The chief experience and marketing officer of the company that owns Mandalay Bay, the Las Vegas resort where mass shooter Stephen Paddock killed 58 people and injured more than 500 from his 32nd-floor hotel suite on Sunday, took a moment to address the tragedy at the ANA Masters of Marketing conference in Orlando before giving a pre-scheduled talk on how MGM Resorts has transformed itself into an entertainment-driven brand over the past few years.
Lili Tomovich, who leads marketing for MGM Resorts, began her talk by stating that she’s grateful for the support she and others in Las Vegas have received in the wake of the “horrific, inexplicable” events that unfolded on Sunday evening.
“When I was on the plane last night flying here, for the first time in four days I had a chance to think and [I was] wondering what I could say to this lovely audience here,” she said to the conference’s attendees. “My message is one of just deep, deep gratitude for all of the support that we have received, not only from the community in Las Vegas, but the city, the country and frankly the world. It’s been overwhelming and graciously accepted. It’s really what has been keeping so many of us going through these dark, dark days that we’ve had. So I wanted to say thank you and I wanted to let you know that I’m really here today representing not only MGM Resorts, but Las Vegas and the strength of that community to go on.”
Tomovich went on to explain that a massive brand campaign called ‘Welcome to the Show' that the company launched just weeks before the shooting has been pulled in light of the massacre. She did not state if or when the campaign will resume, but a long-form version of the spot is still up on MGM Resorts’ YouTube page. Created by McCann New York, the video shows off the company’s many resorts – which include The Mirage, Circus Circus and Bellagio – and the various nightclubs, restaurants and shops housed within them.
With lines like ‘Mankind Was Not Born To Be Bored’ and ‘We Are Not In The Hotel Business, We Are In The Holy Sh*t Business,’ the ad aims to show consumers that the company’s various properties offer much more than hotel rooms and casinos. The spot is part of a larger rebrand strategy that began post-recession, when MGM decided to position its 27 properties as hubs of entertainment that cater to all tastes in hopes of spurring growth.

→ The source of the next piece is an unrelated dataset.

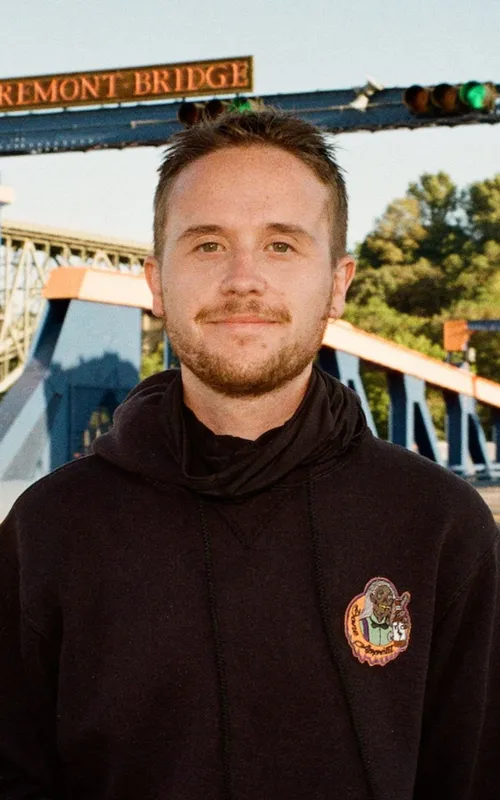 Alex Bulger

With eight million tickets sold annually for live events and the “largest collection of Michelin-starred restaurants and master sommeliers in the country,” Tomovich said she wants consumers to become more aware of all the different forms of entertainment that MGM Resorts has to offer, especially since casinos only represent 30% of the firm's revenue.
“Our current belief is that entertainment is fundamental to human beings,” she said. “After Sunday’s horrific tragedy, it leads me to believe that the world does need more entertainment. We need moments of joyfulness where we can smile and laugh. To me, this statement has never been more true.”
During her talk, Tomovich explained that the company has spent the past few years training employees and building internal morale to ensure that staffers across all of its different properties are aligned with its new mission of providing guests with exceptional, entertaining experiences. Since MGM Resorts employs 77,000 staffers across different disciplines, Tomovich said that she’s spent much of her time over the past few years going “ballroom to ballroom” for employee training sessions.
“We wanted to make sure that we aligned our culture with our brand,” she said. “That was so incredibly important. We wanted to make sure our people understood who we were as a company and why we existed.”
The company took numerous approaches and steps to build employee pride and provide them with ways to embrace the new mission. For example, she said that it developed the acronym SHOW – which stands for ‘Smile & Greet,’ ‘Hear the Guest Story,’ ‘Own the Experience’ and 'Wow the Guest’ – to help employees with guest interactions.
“I would have never known this a year ago, but with the tragedy that took place Sunday night, I can’t tell you how many people told me that this actually helped them get through it,” she said. “Employees that were just completely at a loss and were running up to guests who were in desperate need of help actually thought back to this framework. This, in hindsight, was an incredibly powerful tool for us.”
MGM Resorts has also taken steps to ensure that its guest experience lives up to expectations. For example, Tomovich said that employees are now equipped with comp certificates that they can give to guests in the event that something goes awry, meaning guests can receive things like two free drinks or a complimentary pass to a buffet if they’re unsatisfied with some element of their experience. While Tomovich admitted her team was nervous to hand so much control over to its thousands of staffers, she said it’s turned out to be an “incredible initiative” that has “really empowered employees.”
Tomovich concluded her talk by telling attendees that MGM Resorts’ internal brand-building efforts, which took about 18 months, have allowed both leadership and employees to understand what their respective roles are and how they fit into the larger brand ethos. She advised other brands who may be preparing to embark on their own brand refresh or repositioning to make sure that they are fully prepared internally before launching anything consumer-facing.
“Before you tell your brand proposition to the world at large, you better damn well be prepared to deliver it,” she said.